Now, WLOG (without loss of generality; this will still be true in general, even though now we will restrict our attention to a specific case.), for simple clarity, let's, for now, assume the case where the government announces its plan to foist this profit/loss on just one person, our intrepid person z. They're not going to split it 50-50 between persons z and w, or 71-29, or split it evenly among every person in the country. They could, again WLOG, as I'll go into later, but here the whole profit loss that will occur at time t+1 will go just to person z.

How will person z, an optimizing mother–shut your mouth! (Shaft reference for you young'ns), react to this?

Well, person z was optimizing before the QE. The amount of saving he chose, and how he chose to invest that saving, was optimal given the prices (and state dependent price paths) at the time, the "_" ones.

If those prices don't change, as we posit, but now person z finds out he will be getting, p_(t)x(t+1) – p_(t+1), at time t+1, how will his optimal strategy change?

Will he save more in his two period life? Will he invest his savings differently? Buy a different set of state-price contracts, store/invest more for the return x(t+1)? What?

Well, the first thing to notice in answering this question is that the profit/loss, p_(t)x(t+1) – p_(t+1), at the existing "_" state prices, is, at time t, worth,…


You're giving person z, at time t, something that's worth zero at time t. Its net present value at the current ("_") state prices is zero. It's not a cost, and it's not a benefit.


We started in equilibrium, so there were no arbitrages, and Wallace explicitly requires this with equations (3) and (4).

If p_(t)x(t+1) is worth more than p_(t+1) at the time t state-prices, then there would be an arbitrage. You would just:

1) Sell short a dollar to someone, and get p_(t) C's. You now owe them a dollar at time t+1, which will cost you p_(t+1) C's at time t+1.

2) You take your p_(t) C's and store/invest them at x(t+1) which will give you p_(t)x(t+1) C's at time t+1. You use those C's to pay off the person you owe from the short sale a dollar, which costs you p(t+1) C's to buy.

So, this strategy cost you nothing at time t, and at time t+1 you get:

p_(t)x(t+1) – p_(t+1)

If this expression is not zero, then an arbitrage would exist. So, given you assume that the economy starts in equilibrium, you assume that this expression is equal to zero.

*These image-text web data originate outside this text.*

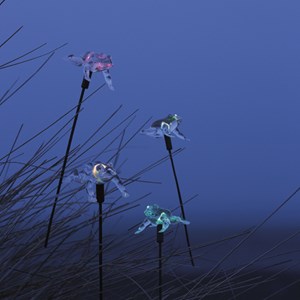 Grenouille pour 50160500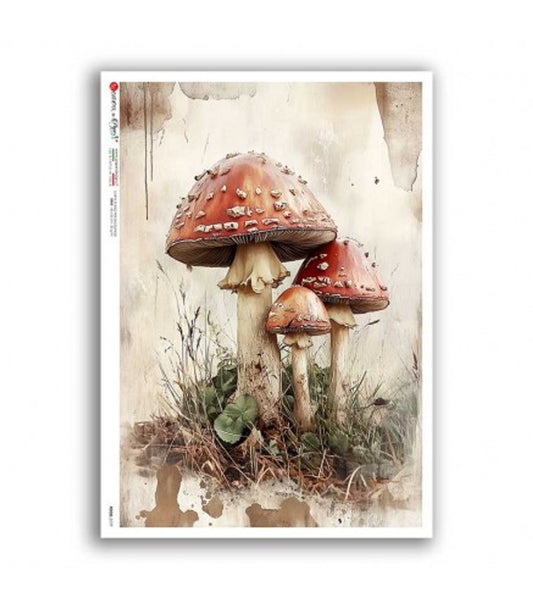Paper Designs - Fly Agaric Mushrooms A4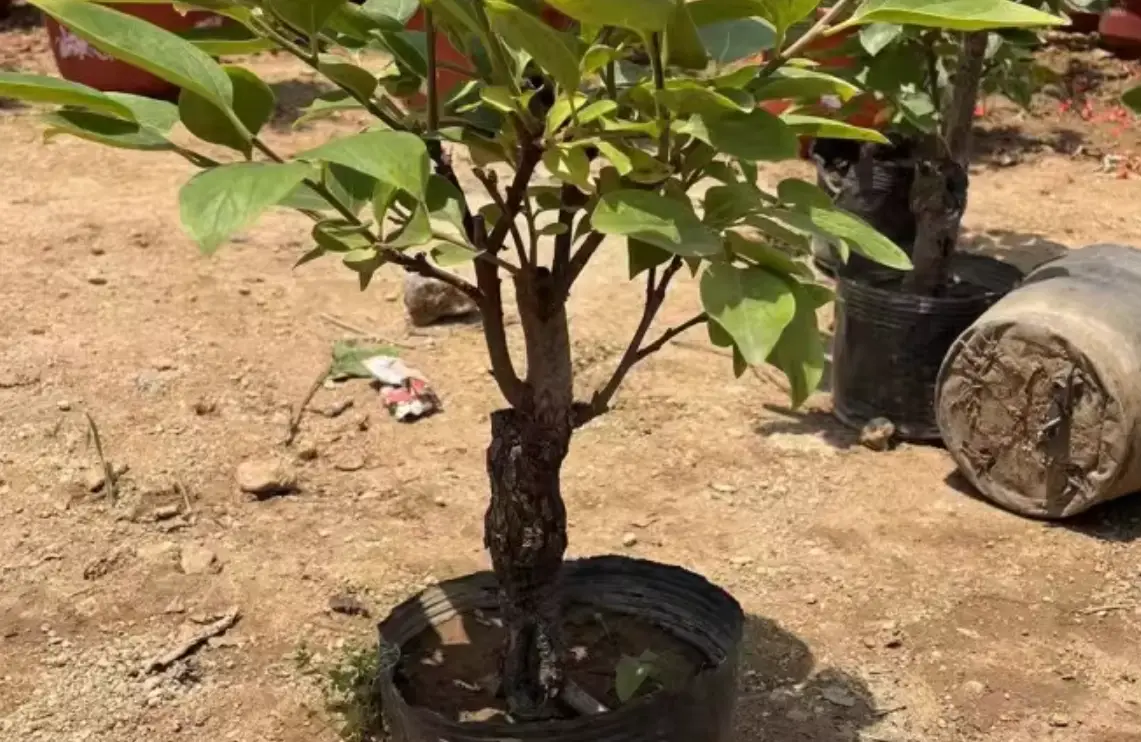 樹木矮化方法 樹木矮化方法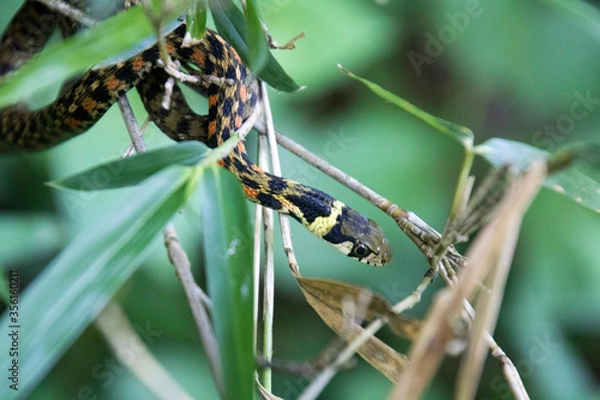 Fototapeta ヤマカガシ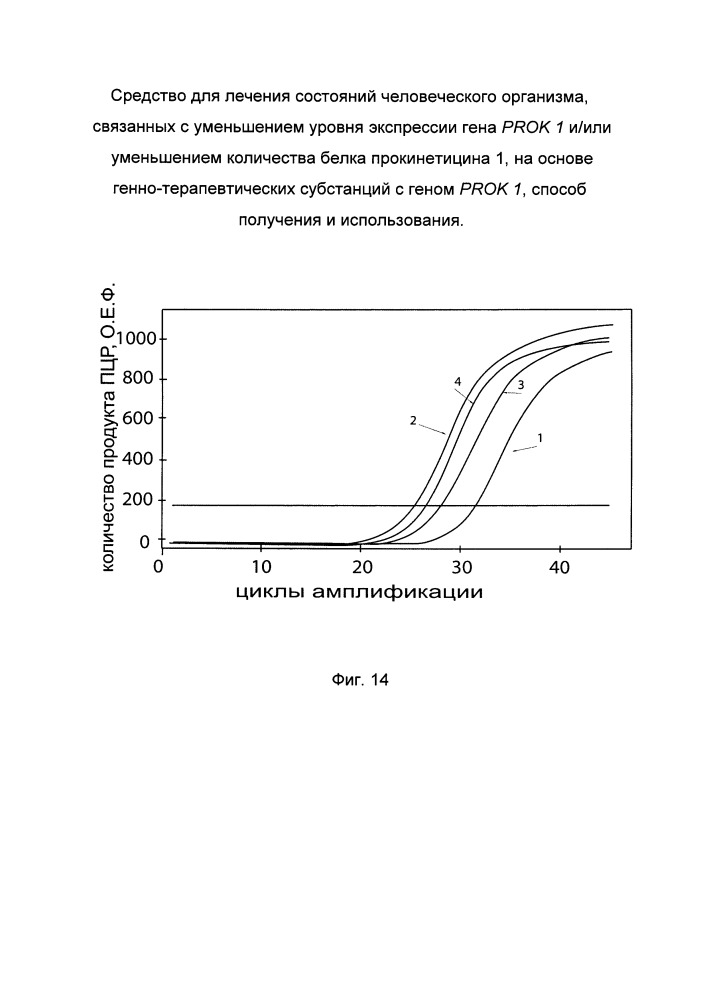 Средство для лечения состояний человеческого организма, связанных с уменьшением уровня экспрессии гена prok 1 и/или уменьшением количества белка прокинетицина 1 на основе генно-терапевтических субстанций с геном prok 1, способ получения и использования (патент 2662944)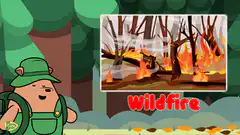 Beaver Wildfire Lesson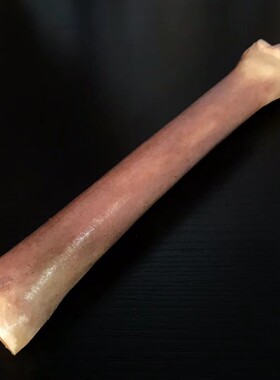 收藏文玩天然骆驼骨腿骨棒骨满血蝌蚪纹玉化血料摆件手把件泡酒料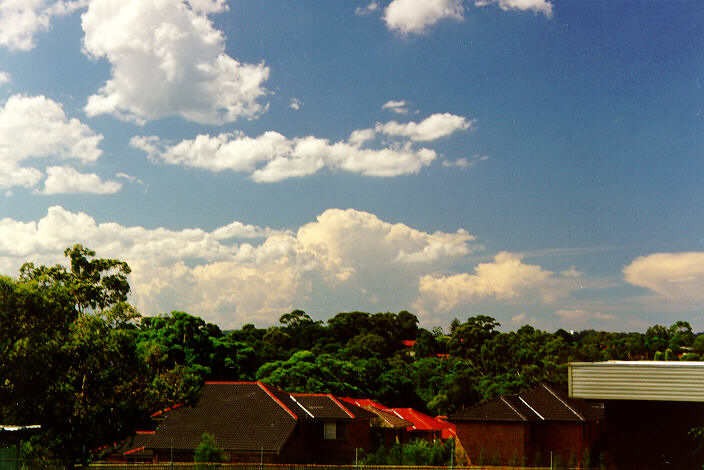 contributions received : North Ryde, NSW<BR>Photo by Paul Graham   12 February 1998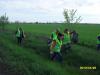 sdc107591_large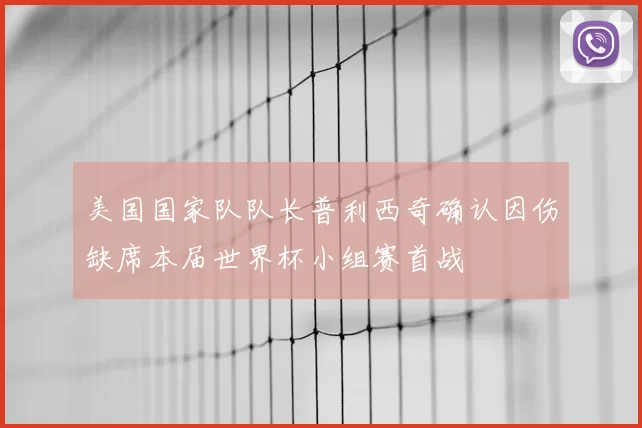 美国国家队队长普利西奇确认因伤缺席本届世界杯小组赛首战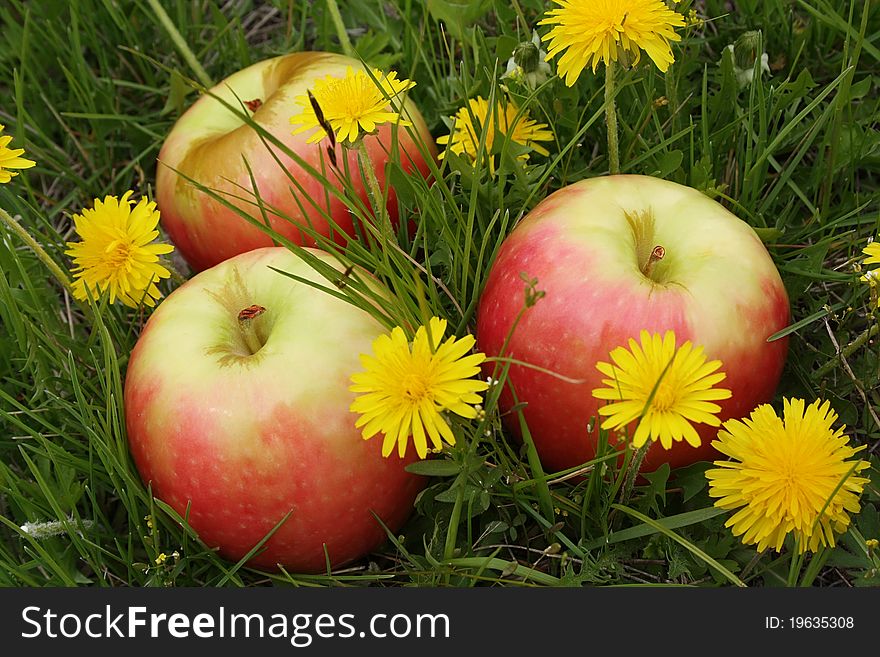 Apples on a glade with dandelions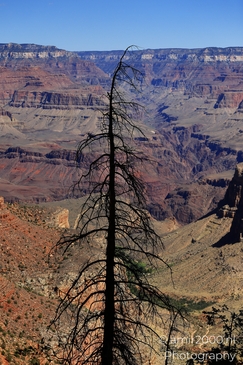 Yaki_Point_viewpoint_deep_inner_canyon_views_with_dramatic_cliff_shadowed_walls_and_distant_ridgelines_Arizona_USA_Grandcanyon_Photography_Canon_EOS_R5_Mark_II_2025_054.JPG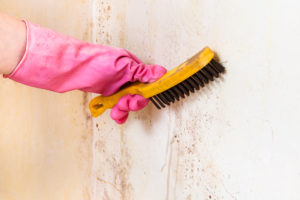 Cleaning Wall Brush Image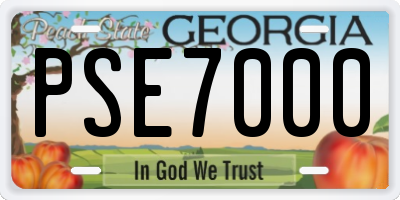 GA license plate PSE7000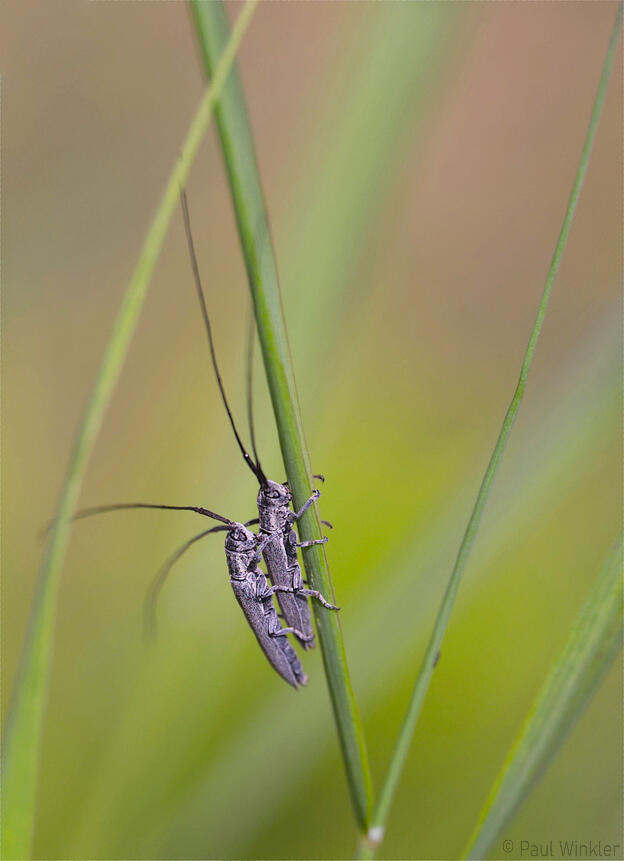 Calamobius filum (Getreidebock)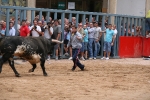 Punto y final a las exhibiciones taurinas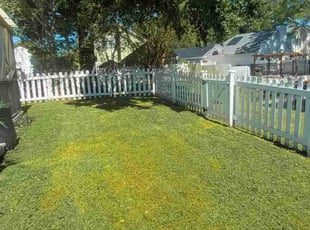 Sandra B.'s Lawn Service service result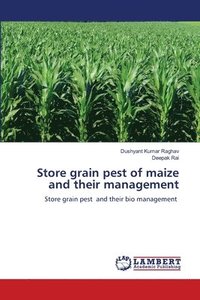 bokomslag Store grain pest of maize and their management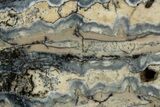 Mammoth Molar Slice With Case - South Carolina #349991-2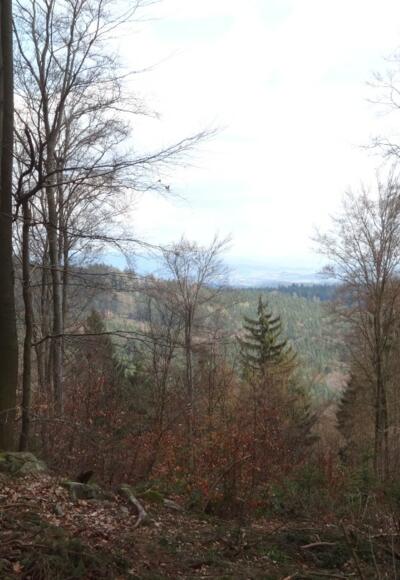 Blick in den Gäuboden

I'm not going to show the details of every arbitrage in this post to keep it from really getting long, but if you'd like to see them, just email me. And, I'll eventually do an article version of this which will at least be at my academic site, which will go through all claimed arbitrages in end notes or appendices.

So, the profit/loss that the government foists upon person z (or some combination of citizens in the economy) is worth zero at time t. So person z can completely rid himself of it for free. He can sell it in the markets for nothing. And, in fact, that's just what he will do!

How can I be so sure of that? Well, whatever his utility function was, he was optimizing perfectly before the QE at the market prices (and their state-dependent paths) that existed before the QE. If those same state prices still exist after the QE (as we're assuming, and then seeing what happens), then he will choose the same consumption and investment path as before. He won't change anything. Give him some new investment, worth zero, that changes his state-dependent consumption and investment paths, and he will sell it.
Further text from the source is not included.